Caritas und Diakonie: Parteien müssen Pflege vorrangig behandeln
Caritas und Diakonie fordern von den politischen Parteien, dem Pflegethema höchste Priorität zukommen zu lassen.
Wer das Thema Pflege und insbesondere die Pflege der Angehörigen nicht auf die Spitze der politischen Agenda setzt, ist unwählbar
meinte der Tiroler Caritasdirektor Georg Schärmer in Hinblick auf die bevorstehenden Wahlen bei einer Pressekonferenz in Innsbruck. Wenn sich die Politik nur dem Flüchtlingsthema widmet, dann sei dies eine "unverantwortliche Flucht" vor einem drängenden und brisanten Thema.
Der Tiroler Caritasdirektor versteht sich vor allem als Anwalt für die pflegenden Angehörigen: Für "24 Stunden, Tag und Nacht, 365 Tage im Jahr Präsenz und Hingabe" würden die großen "Leistungsträger" des Landes von der Politik zu sehr im Stich gelassen; ja manchmal sogar bestraft, indem die zustehende Mindestsicherung gekürzt wird, weil Pflegegeld "im Raum ist". Das sei ein "Unding", so Schärmer.

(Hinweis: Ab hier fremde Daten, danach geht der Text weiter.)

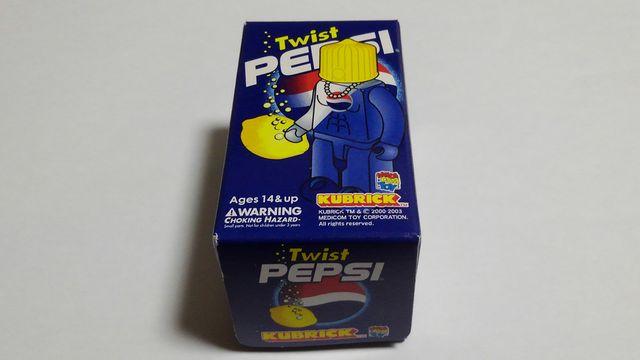 PEPSI TWIST MAN KUBRICK Ii   zr[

Der Caritasdirektor fordert einen ressortübergreifenden Aktionsplan zur Begleitung und Entlastung von pflegenden und betreuenden Angehörigen; darin enthalten etwa ein dichtes Netz an Beratungs-, Bildungs- und Begleitangeboten und die soziale Absicherung von Angehörigen. Weiters brauche es ein Recht auf Urlaub und Erholung für pflegende Angehörige und den Ausbau von Kurzzeitpflegeplätzen. Und ohne die Erschließung neuer Finanzierungsquellen für Pflege und Betreuung würden diese und viele weitere Forderungen der Caritas wohl nicht umzusetzen sein, so Schärmer.
Ältere Menschen wichtiger Teil der Gesellschaft
"Der demographische Wandel und seine Folgen für das Zusammenleben der Generationen und für Pflege und Betreuung älterer Menschen müssen im Wahlkampf breit diskutiert werden. Einzelmaßnahmen wie die begrüßenswerte Abschaffung des Pflegeregresses sind zu wenig", mahnte auch der Direktor der evangelischen Diakonie, Michael Chalupka, bei einem Pressegespräch am Donnerstag in Wien.
Ein Umbau des Pflegesystems und seiner Finanzierung seien notwendig, um zukünftig leistbare und gute Pflege möglich zu machen. Neben Geldleistungen brauche es Investitionen in ein breiteres und größeres Dienstleistungsangebot, um die Pflegelücke tatsächlich zu schließen. Alte und pflegebedürftige Menschen dürften nicht weiter buchstäblich am Rand bleiben, "sie gehören in die Mitte der Gesellschaft", so Chalupka: "Deshalb müssen wir uns dringend gesellschaftspolitisch darüber unterhalten, wie wir die Gesellschaft des langen Lebens gut gestalten wollen - und wie wir ein Altern in Würde sichern." Denn: "Ältere Menschen sind nicht nur ein Kostenfaktor, sondern wichtiger Teil der Gesellschaft."
Der Bereich der Pflege sei eine Querschnittsmaterie und damit mehr als Sozial- und Gesundheitspolitik. "Es geht genauso um Wohnen und Lebensräume, Mobilität, Bildung, Wirtschaft und Versorgung", sagte Chalupka. Es brauche beispielsweise Wohnräume, die Pflege alltagsnah ermöglichen und echte Wahlfreiheit für alle von Pflege Betroffenen schafft.
"Hospiz- und Palliativbegleitung muss ein Recht werden", forderte zudem Petra Richter, von der "Hospizbewegung Kärnten": "Einen Platz in einem stationären Hospiz, oder auch den Zugang zu einer mobilen Hospizbetreuung zu bekommen entspricht oftmals beinahe einer Gnade. Es sollte aber für alle selbstverständlich sein."
Die Diakonie setzt sich deshalb für einen Rechtsanspruch für alle auf Begleitung in der letzten Lebensphase ein, z.B. im Zuge einer Verankerung in der Krankenversicherung. Darüber hinaus brauche es endlich klare Zuständigkeiten in der Finanzierung und eine langfristige finanzielle Sicherung der Angebote. "Die Anzahl hochaltriger Personen wird wachsen, und der Bedarf an Hospiz- und Palliativversorgung wird weiter ansteigen", betonte Richter.
Pflege sei außerdem produktiv, so Diakoniedirektor Chalupka abschließend: "70 Prozent der Ausgaben in der Pflege fließen via Steuern und Sozialversicherung an die öffentliche Hand zurück."